These classical essays do not suit our climate very well, yet nothing is to be objected to them where, as in the one just cited, they are pure. But I strongly dislike hybrids, by which I intend such a retort as the Oxford Don is alleged to have made to the youths who hissed him as he passed—Laudatur AB HIS; and the quotation of a line from the Eclogue of Virgil, where a lady’s dress is torn by a fiddle, is barely more than a verbal conceit, though incomparably preferable to the aggravating all-us jelly-us of Brother Crug, which is a mere phonetic abortion.
Whatever verdict may be pronounced on their successors, as they approach our own period, it must be said of the assemblages of facetiæ, made public by former generations down to the last century, that they leave us no alternative but this conclusion—that, with exceedingly few exceptions, considering the space of time involved, the genuine, enjoyable, laughable, recallable jest was unknown to antiquity, and is the offspring of modern thought and conditions.
Of the jeux d’esprit and humour of the olden days the archaic cast is not merely in the spelling or in the matter, but it is in the bone and blood; and just as it would be idle to imagine that an Englishman of the Tudor epoch could be converted into a modern Englishman by arraying his person in modern clothes, so it is futile to attempt to draw the jocular literature of passed centuries into harmony with our own by adapting the orthography and language to the prevailing mode.
Save in a few rare cases, where the life of the subject is indestructible, the entire body of old-fashioned wit and wisdom is as exotic as a tropical plant within the Arctic circle.
CHAPTER XVIII.
“Joe Miller’s Jests”—History, Character, and Success of the Publication—John Mottley The Editor.

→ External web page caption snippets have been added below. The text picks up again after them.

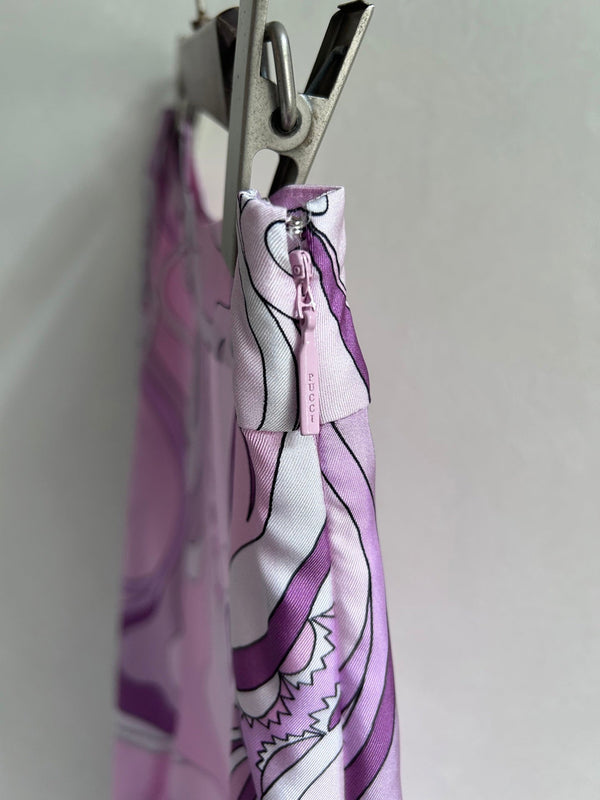 Pucci 26s Stella-Print Silk Pant Purple Silk 391066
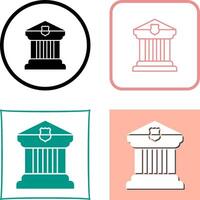 Courthouse Icon Design vector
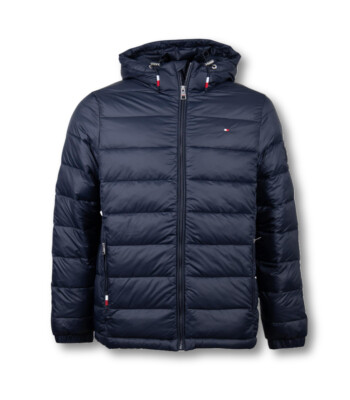 Tommy Hilfiger Herren Herbst Winter Jacke Steppjacke mit Kapuze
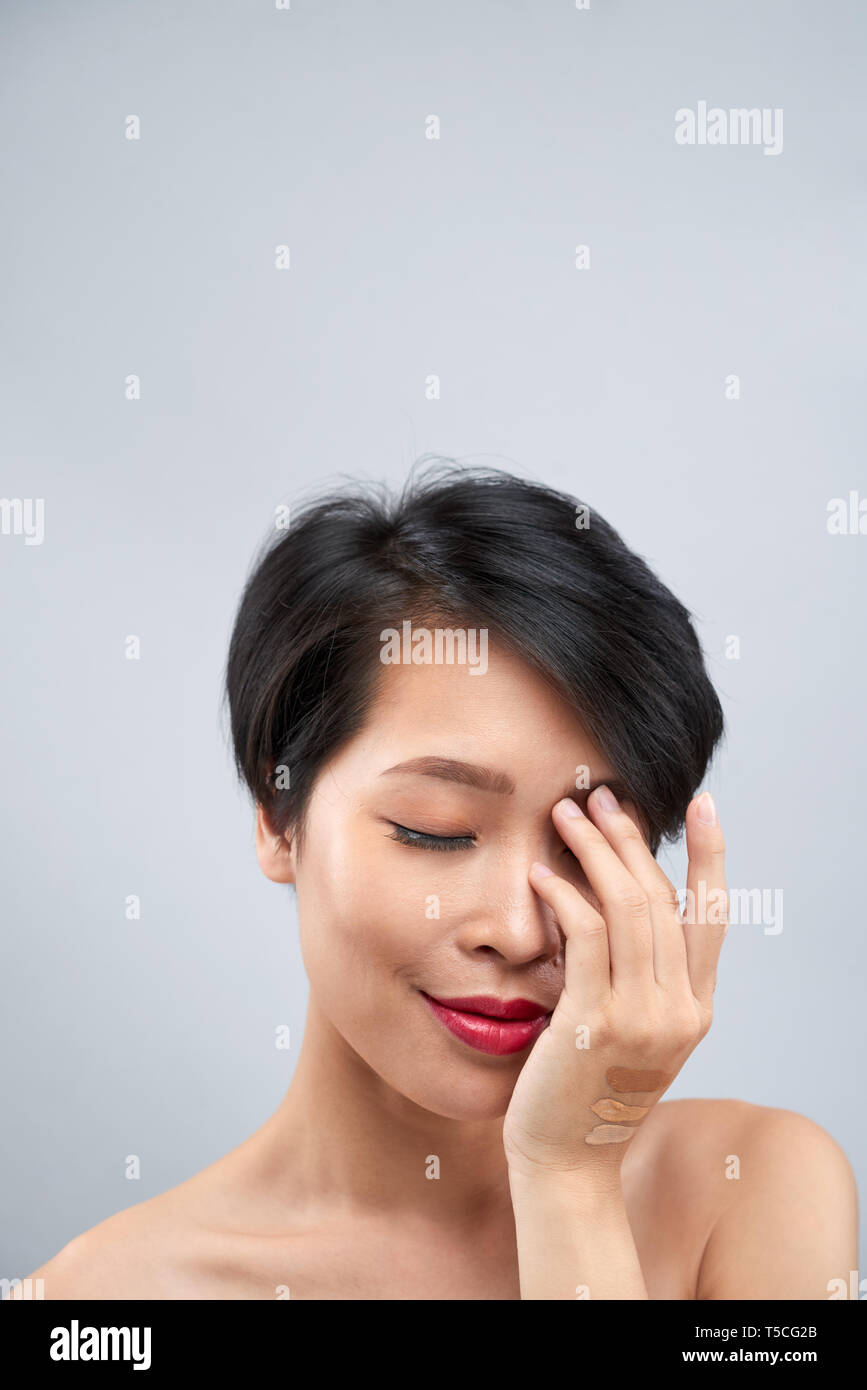 Cosmetici e concetto di bellezza Foto Stock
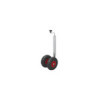 Roue jockey double 48 mm 2x jante plastique avec pneu d'aire 260 x 85 mm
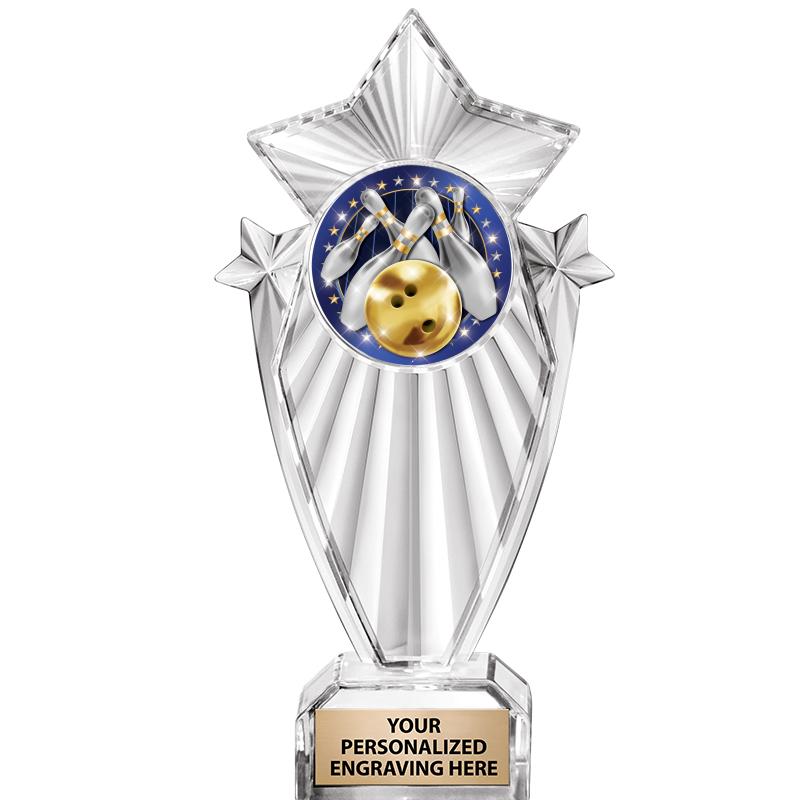 8"CLEAR STARGRAM ICICLE TROPHY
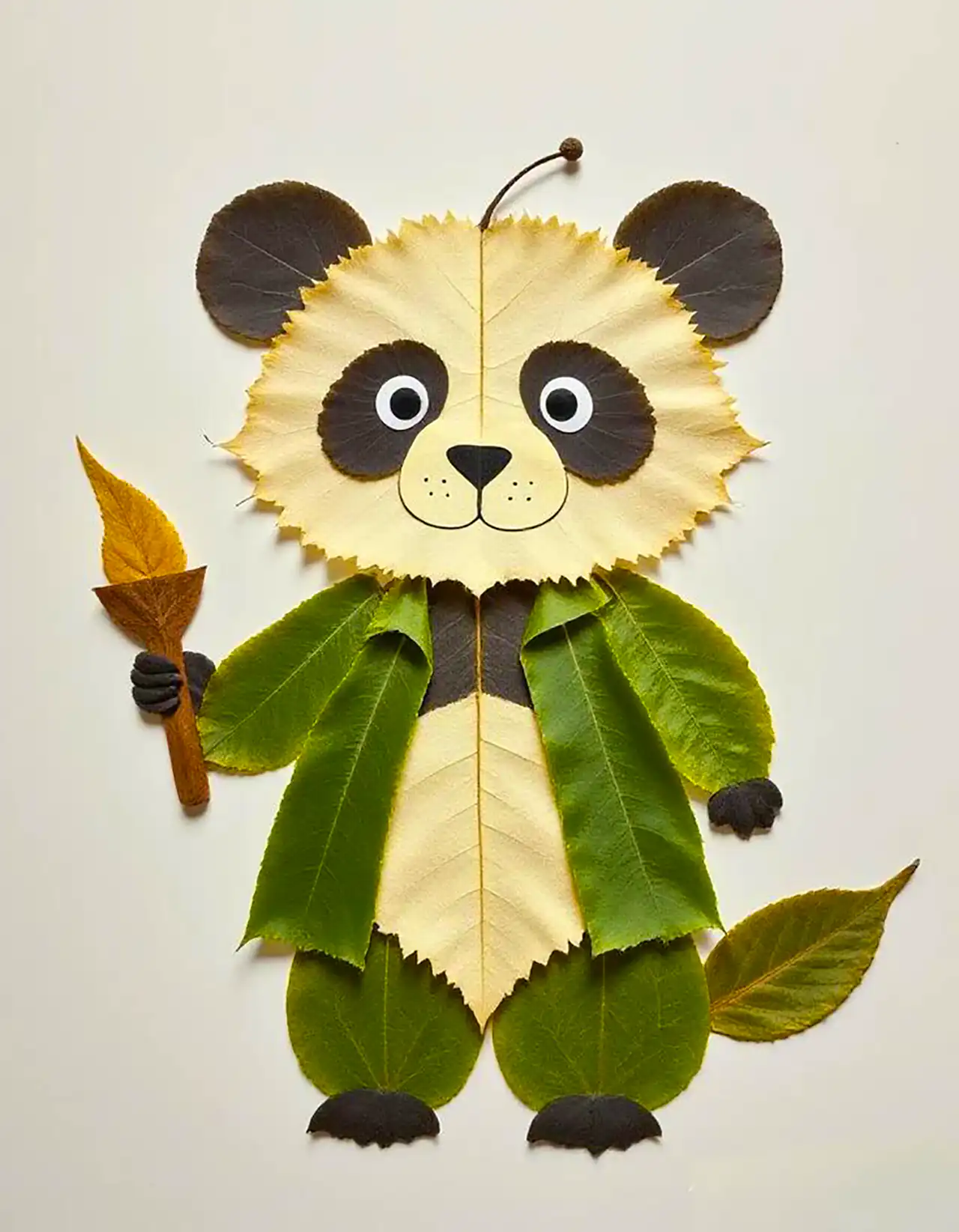 کاردستی مدرسه با برگ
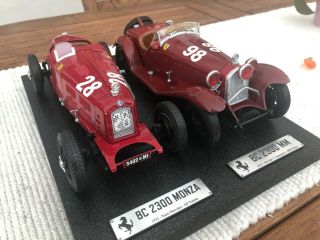 1/18 Scuderia Ferrari 1933 Tazio Nuvolari Mille Miglia & Gp Tunisia Alfa Romeo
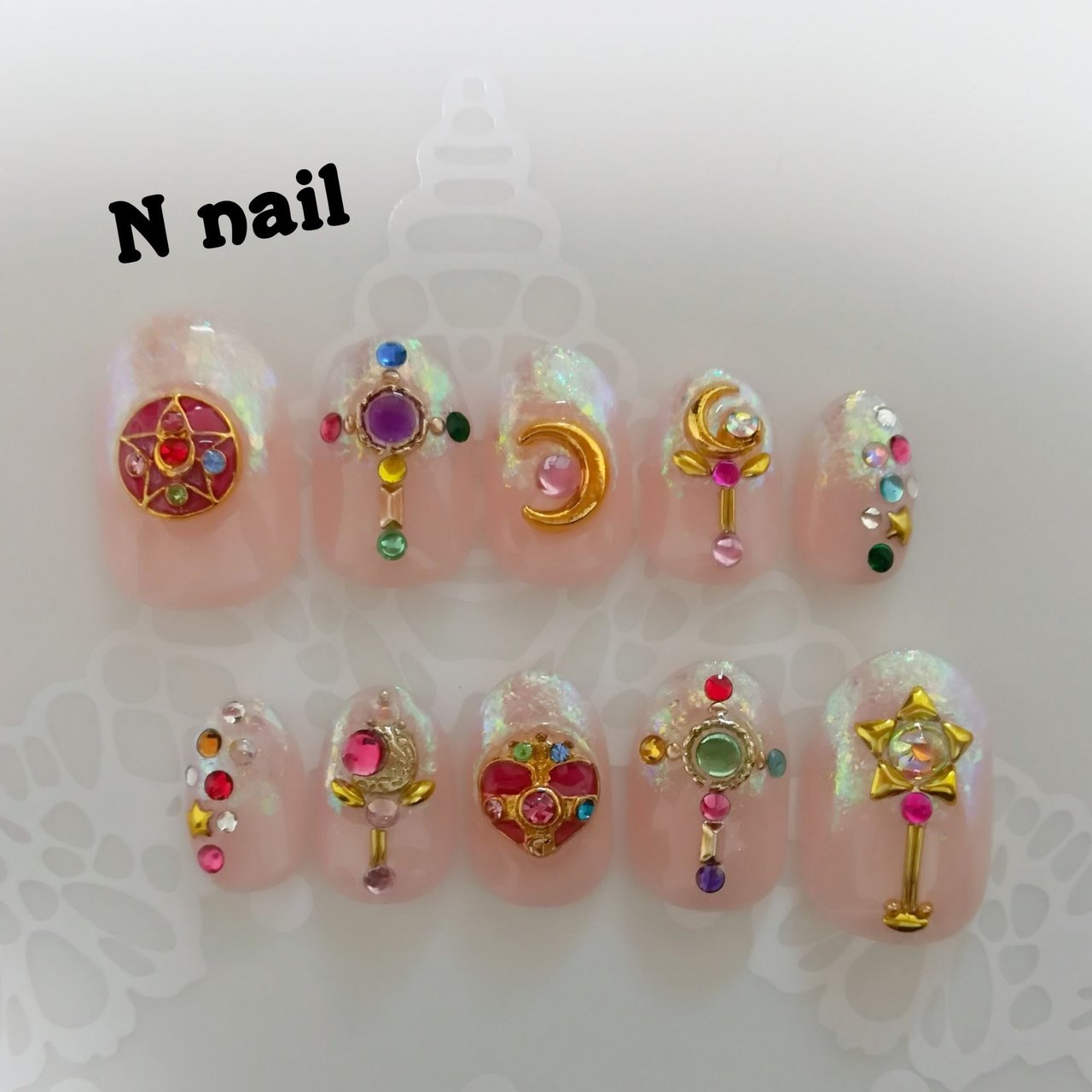 オールシーズン ハロウィン 痛ネイル キャラクター ジェル N Nailのネイルデザイン No ネイルブック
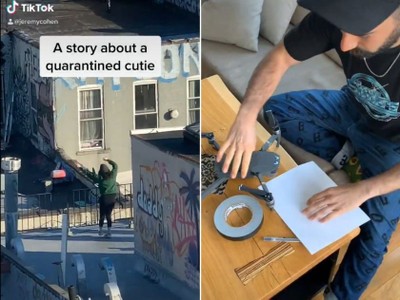 Tán gái mùa Covid-19: Chàng trai dùng drone để xin số điện thoại cô nàng nhà bên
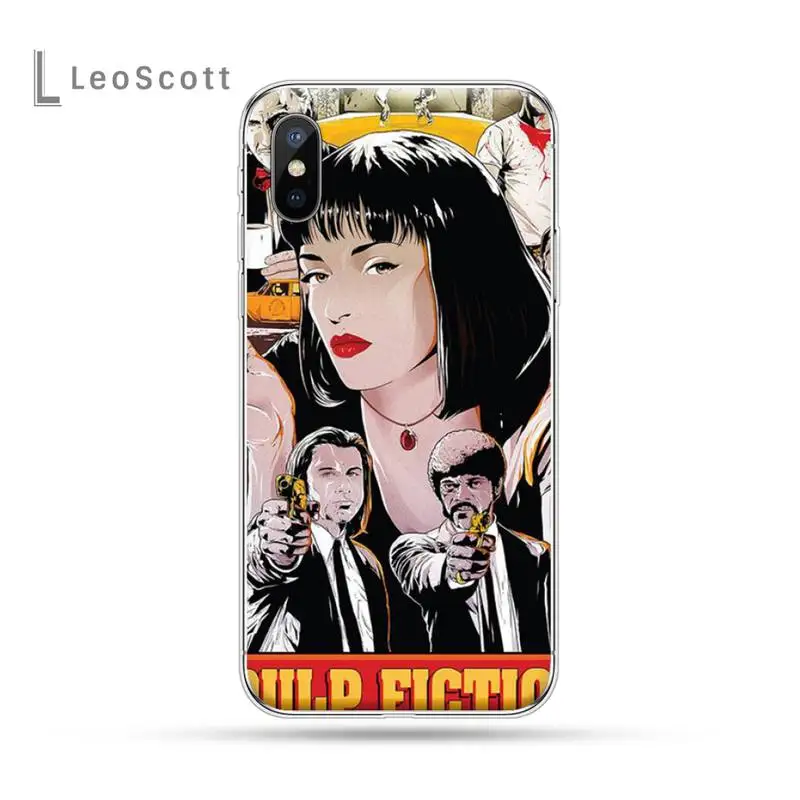 

PULP FICTION MOVIE POSTER Phone Case For iphone 12 5 5s 5c se 6 6s 7 8 plus x xs xr 11 pro max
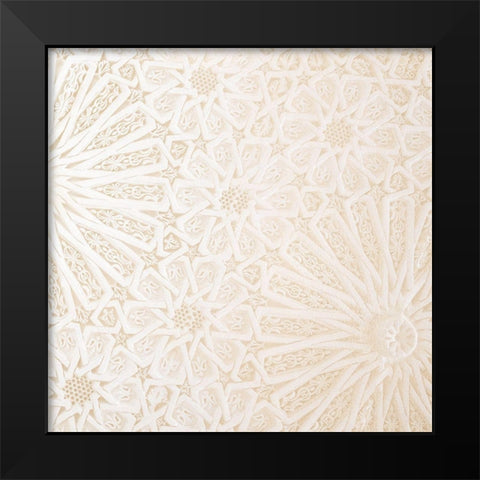 Lace 3 Black Modern Wood Framed Art Print by Allen, Kimberly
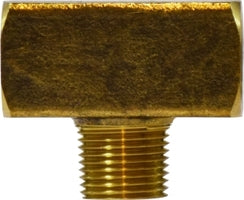 28282 by Midland | Branch | 1/4" Female NPTF x 1/4" Female NPTF x 1/4" Male NPTF | Tee | Brass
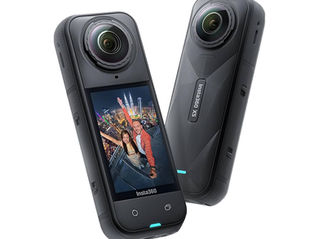 insta360 X5 - Waterproof 8K 360° Action Camera, Leading Low Light, Invisible Selfie Stick Effect, Rugged and Replaceable Lens, 3-Hour Battery, Built-in Wind Guard, Stabilization...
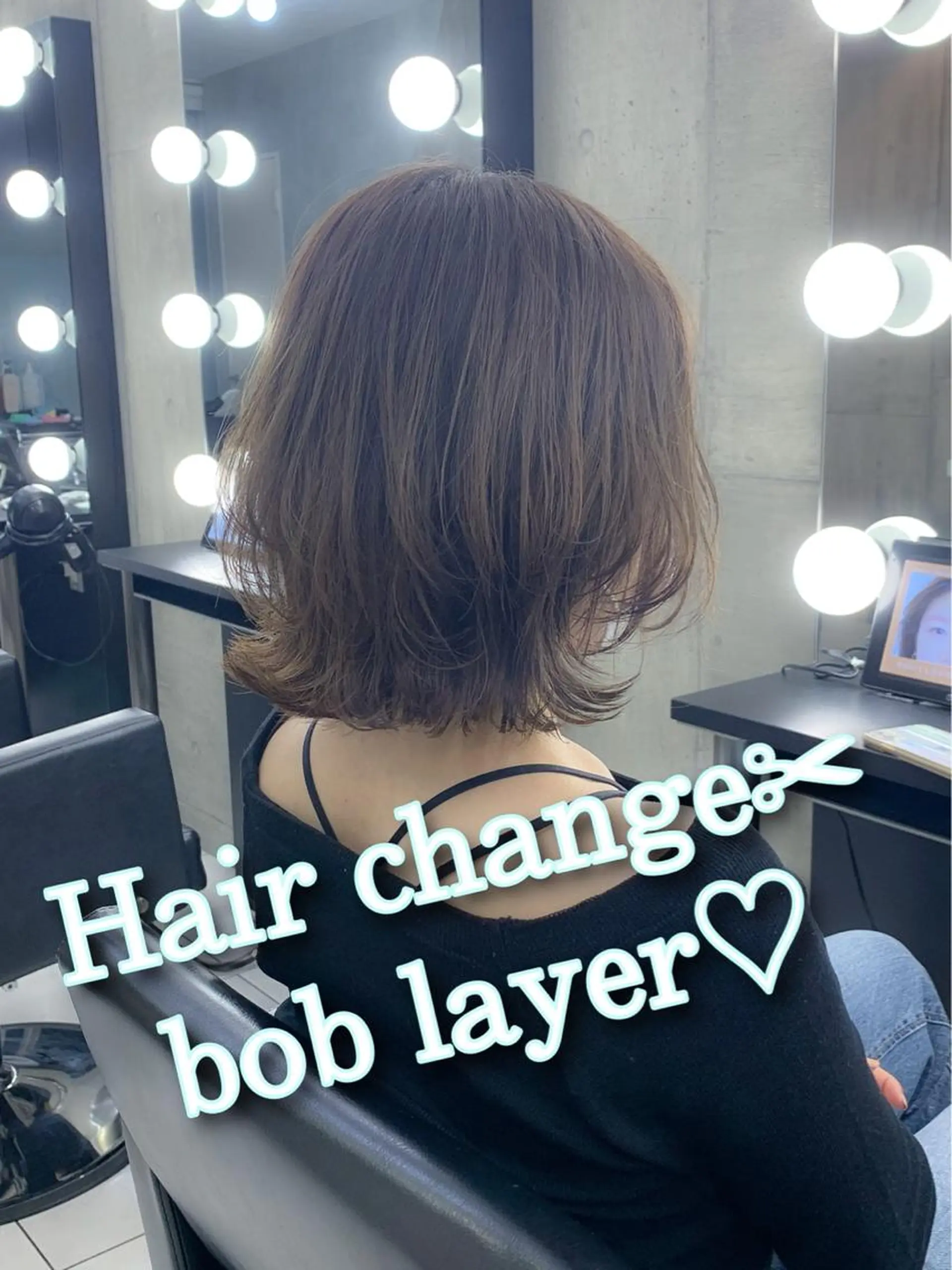 ミディアム youres hair 髪質改善トリートメント&ヘッドスパ  新宿三丁目店【ユアーズヘア】所属・🦋透明感カラー 👑NODOKA🦋のヘアスタイル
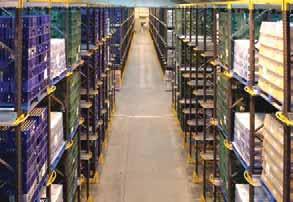 By dispensing with access aisles drive-in racking provides a high-density of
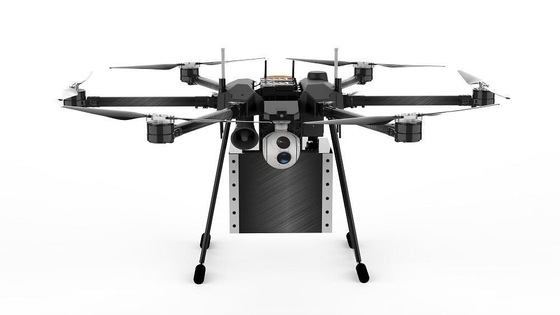Drone industriale per la spruzzatura di medicinali da 10 litri con ugello di nebulizzazione e pompa di spruzzatura a elica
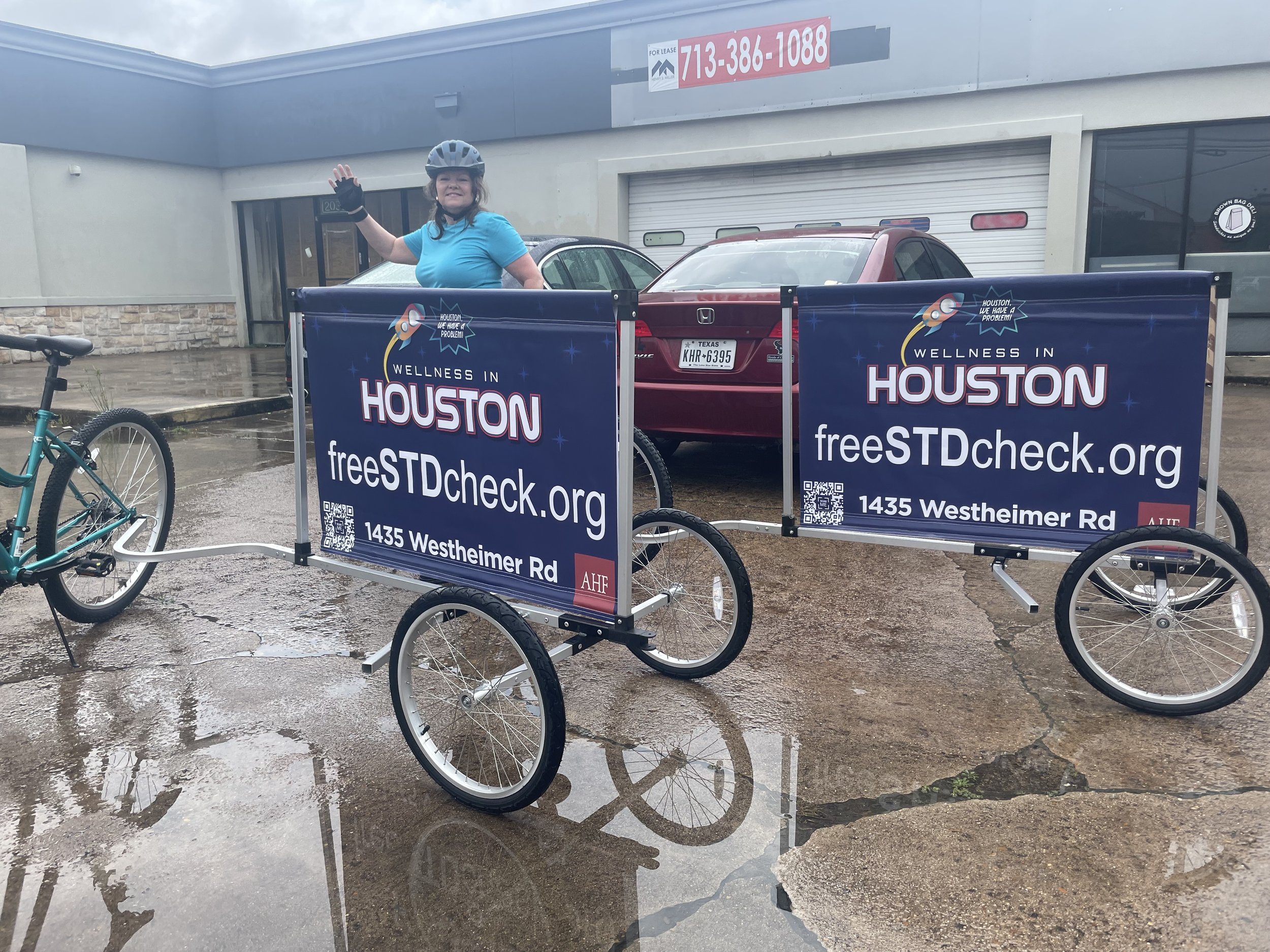 Bike trailers For Advertising in Houston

POSSIBLY it might be more correct to regard Joe Miller’s Jests as marking a new era in this branch of literature and department of ingenuity than as a work possessing pretensions to rank as a model to succeeding editors of similar collections. I am speaking of the little shilling volume originally issued under the care of John Mottley in 1739, and not of the modern publication which bears the same name, and has little beyond the name in common with it.